▶ [Description of the task]:
When you reach a picture, pass over it; otherwise repeat the listing word for word.

Top of The data

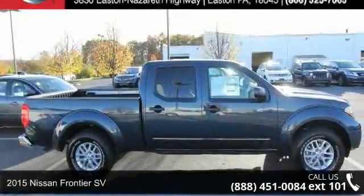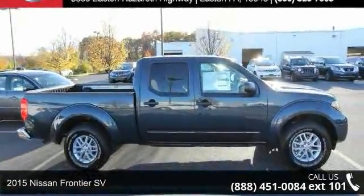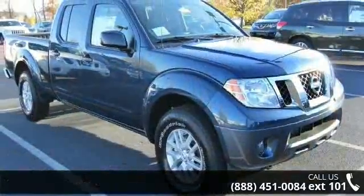Check out this 2015 Nissan Frontier SV. If you are looking for a first-rate auto, this one could be yours today.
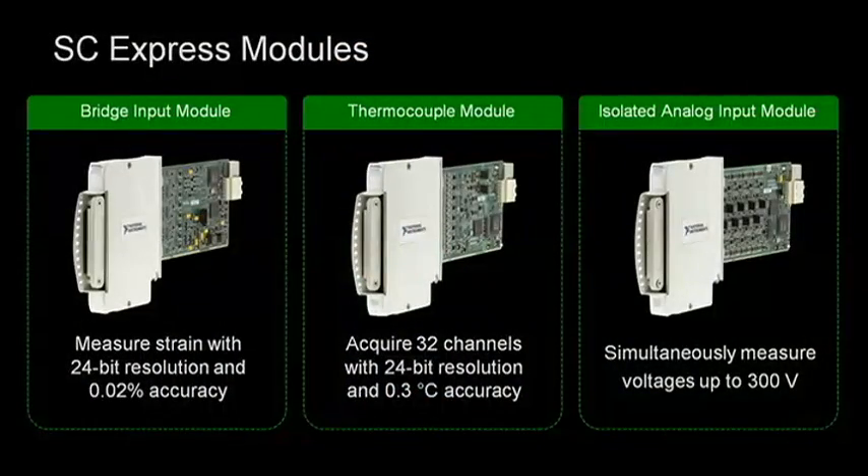Earlier this year, we released the first three modules in the family, including a simultaneous bridge input module and a 32-channel thermocouple module with accuracies up to 0.02% and 0.3 degrees. Also included in the family is a high voltage input module with 300 volts of channel-to-channel isolation.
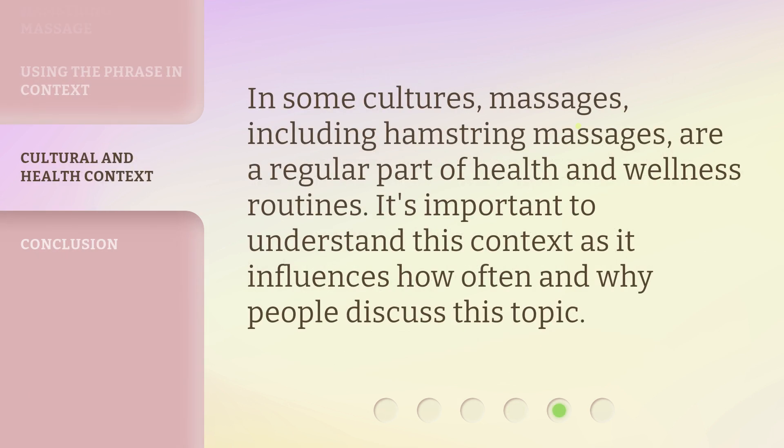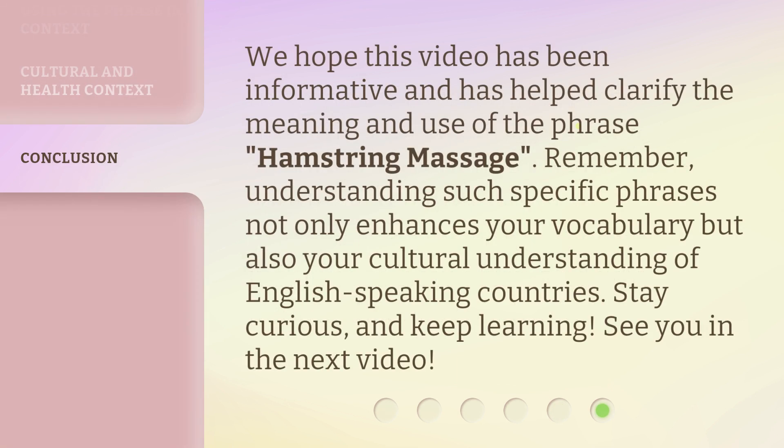In some cultures, massages, including hamstring massages, are a regular part of health and wellness routines. It's important to understand this context as it influences how often and why people discuss this topic. We hope this video has been informative and has helped clarify the meaning and use of the phrase hamstring massage. Remember, understanding such specific phrases not only enhances your vocabulary but also your cultural understanding of English-speaking countries.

Bottom of The data

▶ [Exercise solution]:
Check out this 2015 Nissan Frontier SV. If you are looking for a first-rate auto, this one could be yours today.
Earlier this year, we released the first three modules in the family, including a simultaneous bridge input module and a 32-channel thermocouple module with accuracies up to 0.02% and 0.3 degrees. Also included in the family is a high voltage input module with 300 volts of channel-to-channel isolation.
In some cultures, massages, including hamstring massages, are a regular part of health and wellness routines. It's important to understand this context as it influences how often and why people discuss this topic. We hope this video has been informative and has helped clarify the meaning and use of the phrase hamstring massage. Remember, understanding such specific phrases not only enhances your vocabulary but also your cultural understanding of English-speaking countries.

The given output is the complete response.